Returns Complex zero if the string cannot be converted:

'ruby'.to_c        # => (0+0i)

See Kernel#Complex.

# File 'complex.c', line 2269

static VALUE
string_to_c(VALUE self)
{
    VALUE num;

    rb_must_asciicompat(self);

    (void)parse_comp(rb_str_fill_terminator(self, 1), FALSE, &num);

    return num;
}

#to_f ⇒ Float

Returns the result of interpreting leading characters in self as a Float:

'3.14159'.to_f  # => 3.14159
'1.234e-2'.to_f # => 0.01234

Characters past a leading valid number (in the given base) are ignored:

'3.14 (pi to two places)'.to_f # => 3.14

Returns zero if there is no leading valid number:

'abcdef'.to_f # => 0.0

Returns:

• (Float)

# File 'string.c', line 7046

static VALUE
rb_str_to_f(VALUE str)
{
    return DBL2NUM(rb_str_to_dbl(str, FALSE));
}

#to_i(base = 10) ⇒ Integer

Returns the result of interpreting leading characters in self as an integer in the given base (which must be in (0, 2..36)):

'123456'.to_i     # => 123456
'123def'.to_i(16) # => 1195503

With base zero, string object may contain leading characters to specify the actual base:

'123def'.to_i(0)   # => 123
'0123def'.to_i(0)  # => 83
'0b123def'.to_i(0) # => 1
'0o123def'.to_i(0) # => 83
'0d123def'.to_i(0) # => 123
'0x123def'.to_i(0) # => 1195503

Characters past a leading valid number (in the given base) are ignored:

'12.345'.to_i   # => 12
'12345'.to_i(2) # => 1

Returns zero if there is no leading valid number:

'abcdef'.to_i # => 0
'2'.to_i(2)   # => 0

Returns:

• (Integer)

# File 'string.c', line 7015

static VALUE
rb_str_to_i(int argc, VALUE *argv, VALUE str)
{
    int base = 10;

    if (rb_check_arity(argc, 0, 1) && (base = NUM2INT(argv[0])) < 0) {
        rb_raise(rb_eArgError, "invalid radix %d", base);
    }
    return rb_str_to_inum(str, base, FALSE);
}

#to_r ⇒ Object

Returns the result of interpreting leading characters in str as a rational. Leading whitespace and extraneous characters past the end of a valid number are ignored.

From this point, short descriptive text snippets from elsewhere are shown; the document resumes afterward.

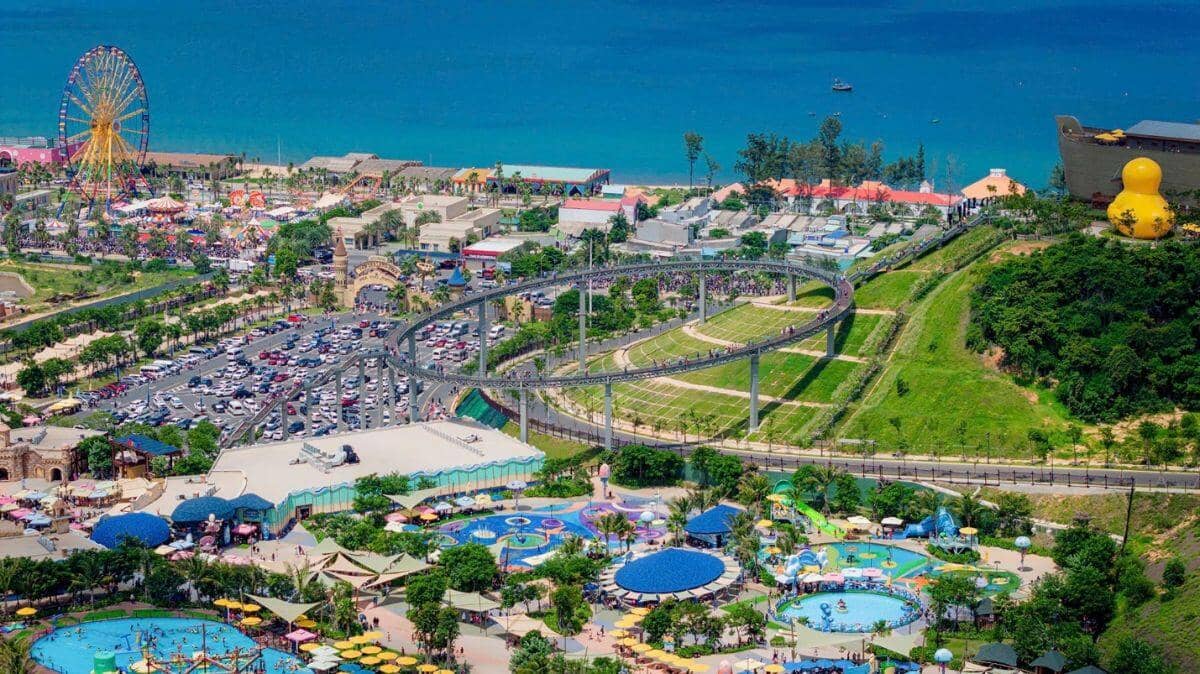 Sports Festival 2025: Khi thể thao – văn hóa – nhân văn hội tụ cùng NovaGroup và Công An Nhân...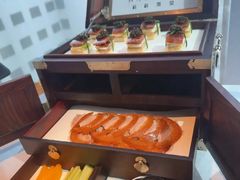 -莉莉海堂HAITANG·烤鸭(国贸商城店)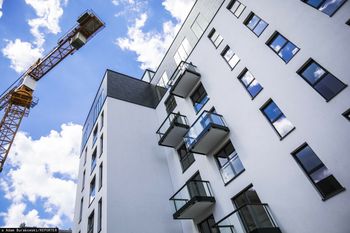 Czynsz w TBS-ach nie spadnie po spłacie kredytu. Resort uzasadnia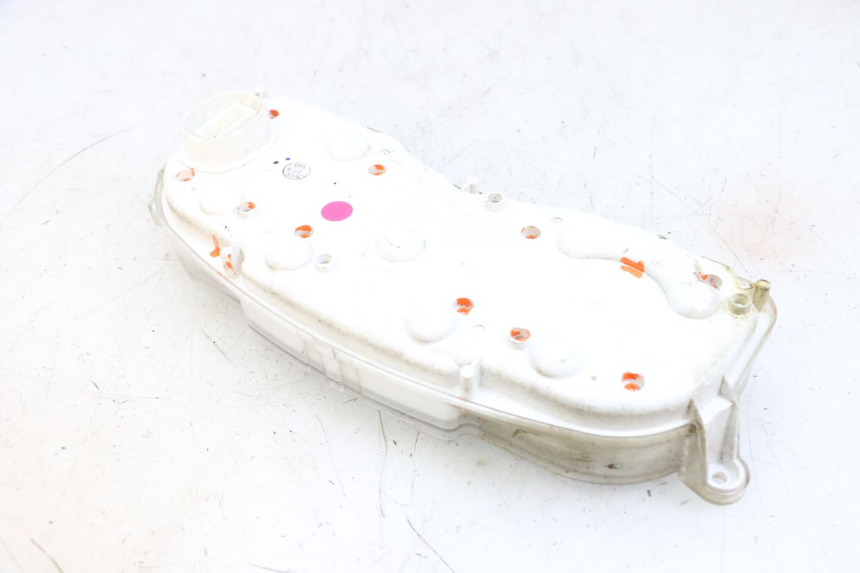 photo de TACHOMETER YAMAHA X-MAX XMAX 125 (2010 - 2013) - Geprüftes Gebrauchtteil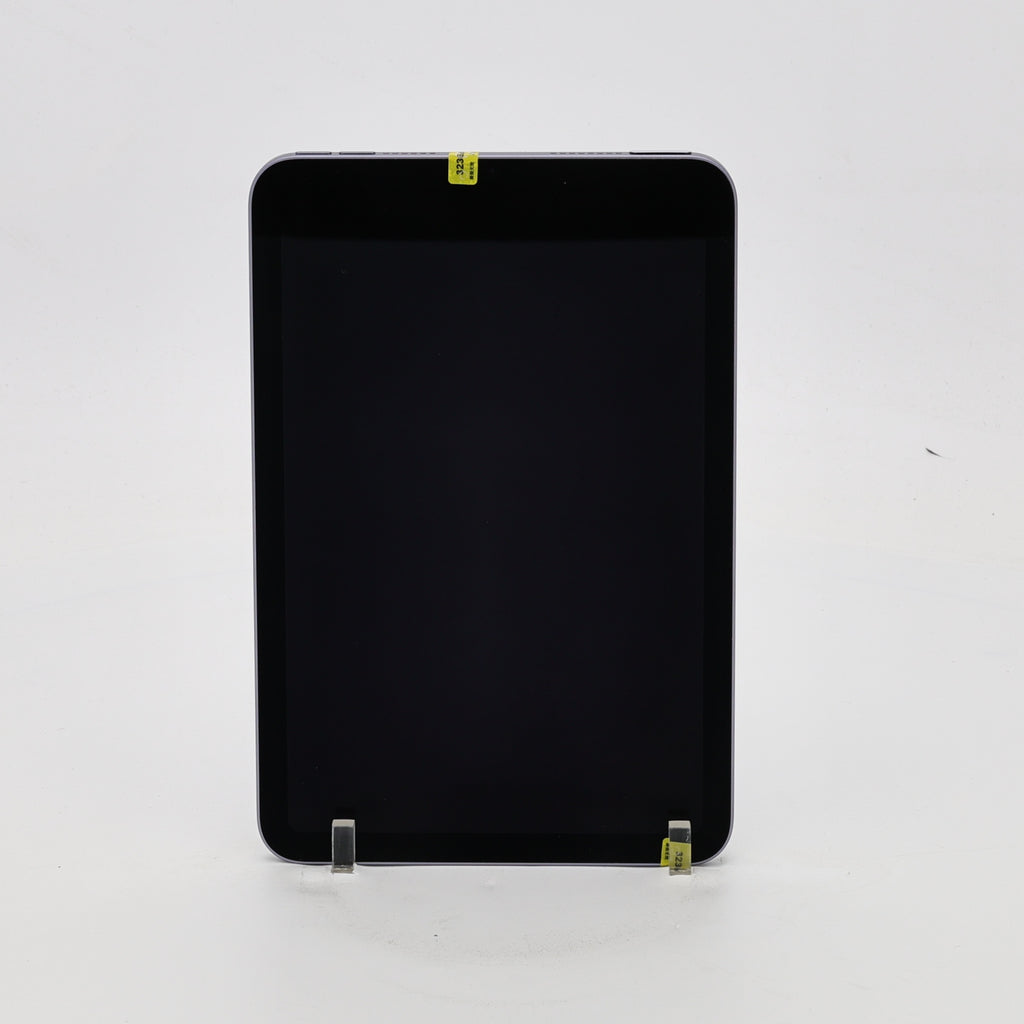 99新 Apple iPad mini6 64G 紫色 WIFI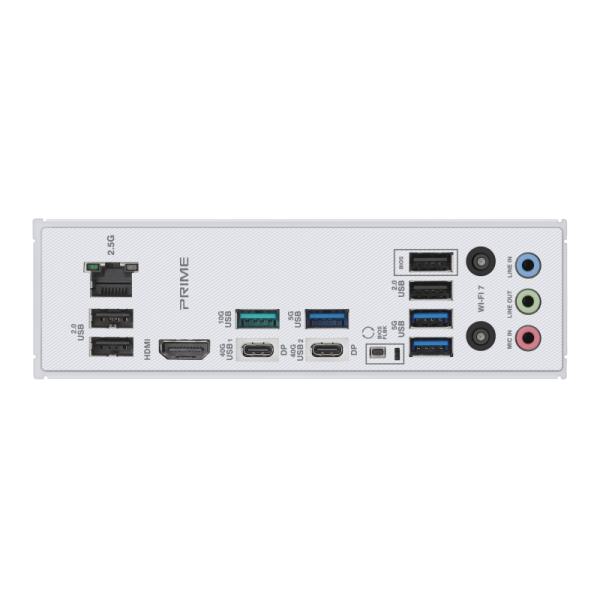 MB AM5 ASUS AMD PRIME X870-P WIFI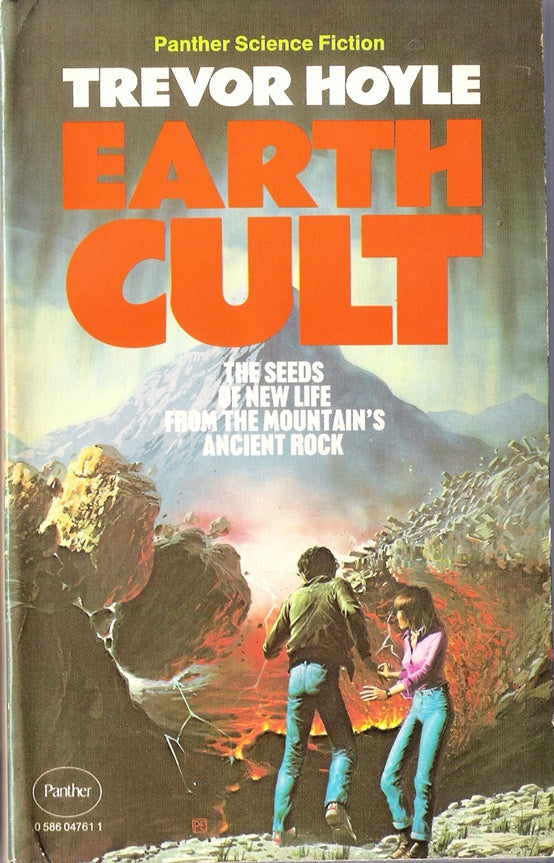 Earth Cult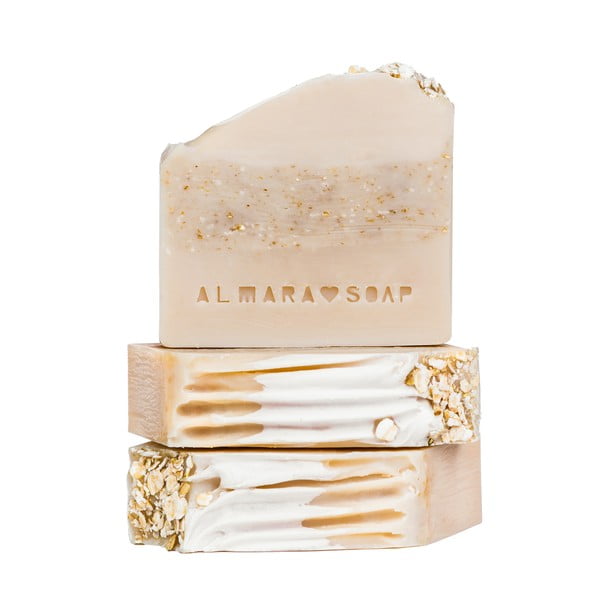 Sapone fatto a mano Sweet Milk - Almara Soap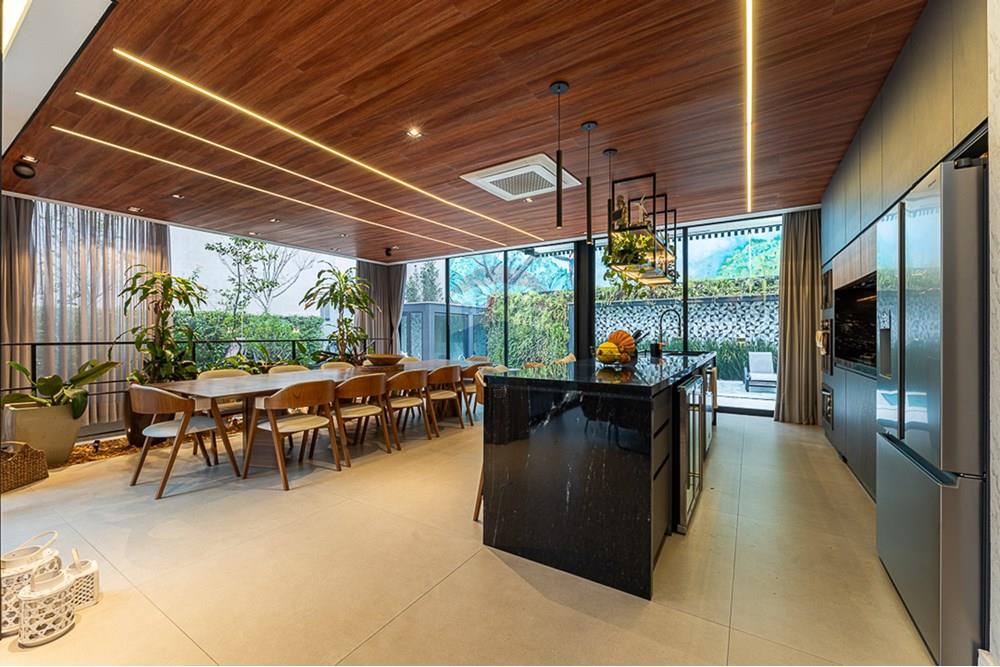 Casa de Condomínio - Venda - Santana de Parnaíba , São Paulo - CAR06449.jpg - 691081025-5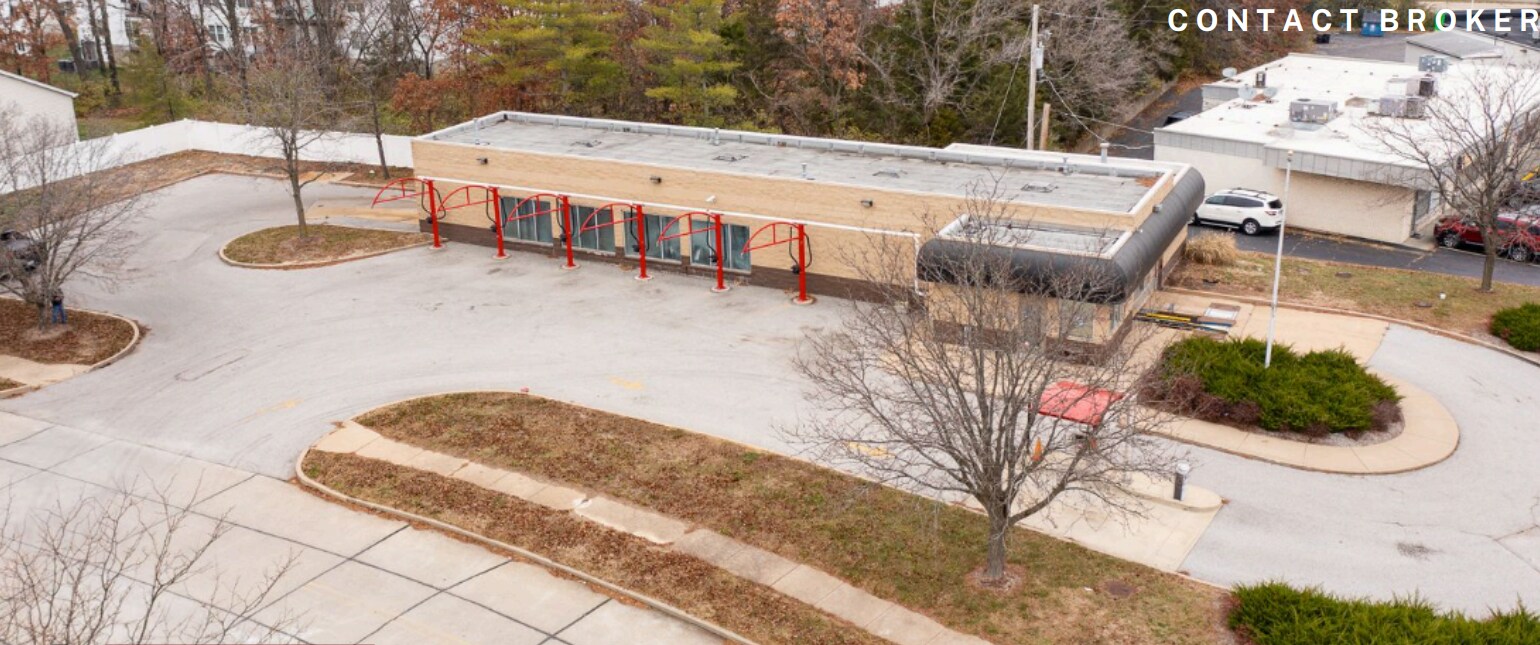 3701 Southern Manor Dr, Saint Louis, MO à vendre Photo du bâtiment- Image 1 de 2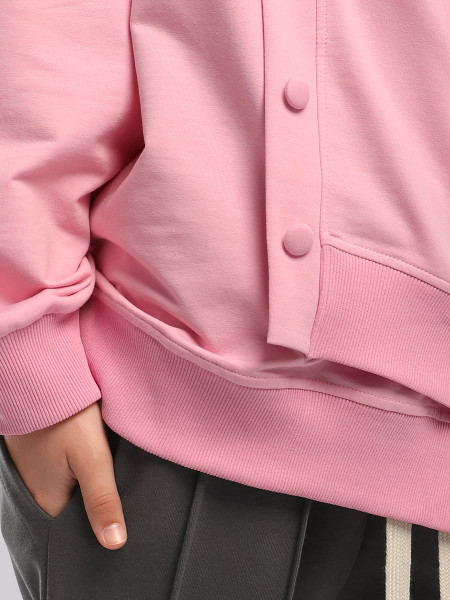 Джемпер Соль&Перец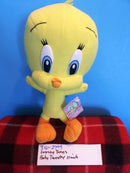Nanco Looney Tunes Baby Tweety Plush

Digit sequences can be separated by an underscore. If there is not a valid number at the start of str, zero is returned. This method never raises an exception.

'  2  '.to_r       #=> (2/1)
'300/2'.to_r       #=> (150/1)
'-9.2'.to_r        #=> (-46/5)
'-9.2e2'.to_r      #=> (-920/1)
'1_234_567'.to_r   #=> (1234567/1)
'21 June 09'.to_r  #=> (21/1)
'21/06/09'.to_r    #=> (7/2)
'BWV 1079'.to_r    #=> (0/1)

NOTE: “0.3”.to_r isn’t the same as 0.3.to_r. The former is equivalent to “3/10”.to_r, but the latter isn’t so.

"0.3".to_r == 3/10r  #=> true
0.3.to_r   == 3/10r  #=> false

See also Kernel#Rational.

# File 'rational.c', line 2529

static VALUE
string_to_r(VALUE self)
{
    VALUE num;

    rb_must_asciicompat(self);

    num = parse_rat(RSTRING_PTR(self), RSTRING_END(self), 0, TRUE);

    if (RB_FLOAT_TYPE_P(num) && !FLOAT_ZERO_P(num))
        rb_raise(rb_eFloatDomainError, "Infinity");
    return num;
}

#to_s ⇒ self, String

Returns self if self is a String, or self converted to a String if self is a subclass of String.

Returns:

• (self, String)

# File 'string.c', line 7061

static VALUE
rb_str_to_s(VALUE str)
{
    if (rb_obj_class(str) != rb_cString) {
        return str_duplicate(rb_cString, str);
    }
    return str;
}

#to_s ⇒ self, String

Returns self if self is a String, or self converted to a String if self is a subclass of String.

Returns:

• (self, String)

# File 'string.c', line 7061

static VALUE
rb_str_to_s(VALUE str)
{
    if (rb_obj_class(str) != rb_cString) {
        return str_duplicate(rb_cString, str);
    }
    return str;
}

#intern ⇒ Object #to_sym ⇒ Object

Returns the Symbol corresponding to str, creating the symbol if it did not previously exist. See Symbol#id2name.

"Koala".intern         #=> :Koala
s = 'cat'.to_sym       #=> :cat
s == :cat              #=> true
s = '@cat'.to_sym      #=> :@cat
s == :@cat             #=> true

This can also be used to create symbols that cannot be represented using the :xxx notation.

'cat and dog'.to_sym   #=> :"cat and dog"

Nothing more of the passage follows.